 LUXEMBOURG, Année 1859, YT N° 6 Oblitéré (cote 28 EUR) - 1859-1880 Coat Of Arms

○ ○ ○

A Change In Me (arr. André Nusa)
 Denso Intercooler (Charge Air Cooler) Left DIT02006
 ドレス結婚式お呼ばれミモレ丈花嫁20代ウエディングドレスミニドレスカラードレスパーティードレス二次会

○ ○ ○

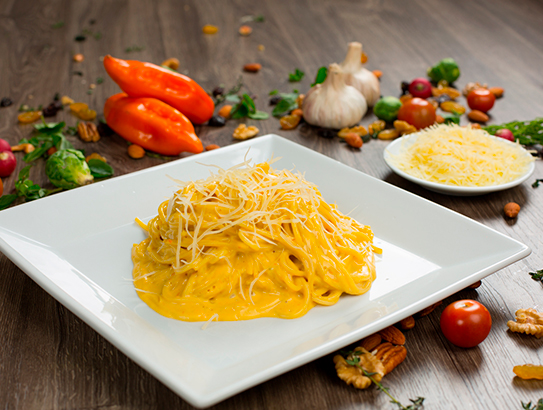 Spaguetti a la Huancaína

○ ○ ○

* Task to complete
Return the span of lines in the data above that opens at the line with "A Change In Me (arr. André Nusa)" and closes at the line with "ドレス結婚式お呼ばれミモレ丈", exactly, ends included, nothing else.

* Exercise result
A Change In Me (arr. André Nusa)
 Denso Intercooler (Charge Air Cooler) Left DIT02006
 ドレス結婚式お呼ばれミモレ丈花嫁20代ウエディングドレスミニドレスカラードレスパーティードレス二次会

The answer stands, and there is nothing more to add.